I’m looking for advice after doing quite a bit of net research, and can’t find a specific example.

I’ve got a efi based laptop with two EOS installs. First is on /dev/sda2; second on /dev/sda3.

I’ve got no need for /dev/sda2, and would like to delete it and expand the space allocated to /dev/sda3.

I’d assume when I do this in gparted from an ISO where the disk is unmounted, after a reboot, will what is now /dev/sda3 be renumbered to /dev/sda2 ?

Will /etc/fstab need updating as well?

I’ll need to clean up grub’s menu as well. It’s kind of a mess, as when I did the installs, OS Prober was enabled and double entries exist.

Advice appreciated. There isn’t anything of value on this computer, so worst case, a new reinstall and reformat of the disk.

Thank you

You can just boot into your installation on /sda3 and remove your /sda2. Or you can use your live environment from the ISO. I don’t think it would be renumbered as I recall the partition are numbered accordingly to their location on disk (correct me if I’m wrong). So you’ll get another /sda2 with clean disk space.

Depends, if that partition is mounted as another drive that you can access from your /sda3 then you have to edit it because the mount point might change. Some times UUIDs chage too.

Yep would be advised to do so.

But my advice is to do a proper clean install without jumping through all the hoops. You would have fewer headaches.

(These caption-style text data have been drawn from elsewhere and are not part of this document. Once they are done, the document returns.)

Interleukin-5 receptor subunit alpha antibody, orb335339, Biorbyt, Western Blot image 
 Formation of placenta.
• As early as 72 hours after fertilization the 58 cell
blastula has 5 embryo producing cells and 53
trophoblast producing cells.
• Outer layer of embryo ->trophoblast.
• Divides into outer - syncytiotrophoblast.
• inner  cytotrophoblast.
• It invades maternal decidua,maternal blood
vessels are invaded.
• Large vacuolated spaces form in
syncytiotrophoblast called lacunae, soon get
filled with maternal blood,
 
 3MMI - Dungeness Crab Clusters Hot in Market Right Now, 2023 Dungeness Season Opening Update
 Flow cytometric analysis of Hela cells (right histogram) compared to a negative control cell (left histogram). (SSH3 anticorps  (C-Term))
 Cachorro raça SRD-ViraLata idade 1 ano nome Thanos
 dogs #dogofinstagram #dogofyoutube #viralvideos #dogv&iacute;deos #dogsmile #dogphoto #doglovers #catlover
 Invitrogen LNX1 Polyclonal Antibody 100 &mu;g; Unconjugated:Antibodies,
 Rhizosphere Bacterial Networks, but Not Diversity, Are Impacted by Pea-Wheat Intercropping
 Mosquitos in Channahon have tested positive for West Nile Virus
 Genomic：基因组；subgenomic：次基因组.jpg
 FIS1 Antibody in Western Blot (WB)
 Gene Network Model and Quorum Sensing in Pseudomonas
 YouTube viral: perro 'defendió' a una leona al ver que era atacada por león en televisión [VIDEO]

I’d agree with what @s4ndm4n said.
That said, if you do decide to proceed with expanding partitions - keep a usb stick of supergrubdisk2 or equivalent handy so that if things go south, you can boot the into the endeavourOS installed on the hard disk by booting from usb.
Then you can re-generate grub from endeavourOS.
This strategy worked for me sometime ago.
My motivation for retaining the partition, was

  • I didn’t want to re-install stuff I couldn’t remember (laziness?)
  • I was curious to see if I could do it without messing up
  • if things went south, I could recover ( I run multiple installations)

Also the output of sudo parted -l plus an screenshot of your disk from Gparted could give some clues to the forum.

Is your second EnOS controlling the Grub?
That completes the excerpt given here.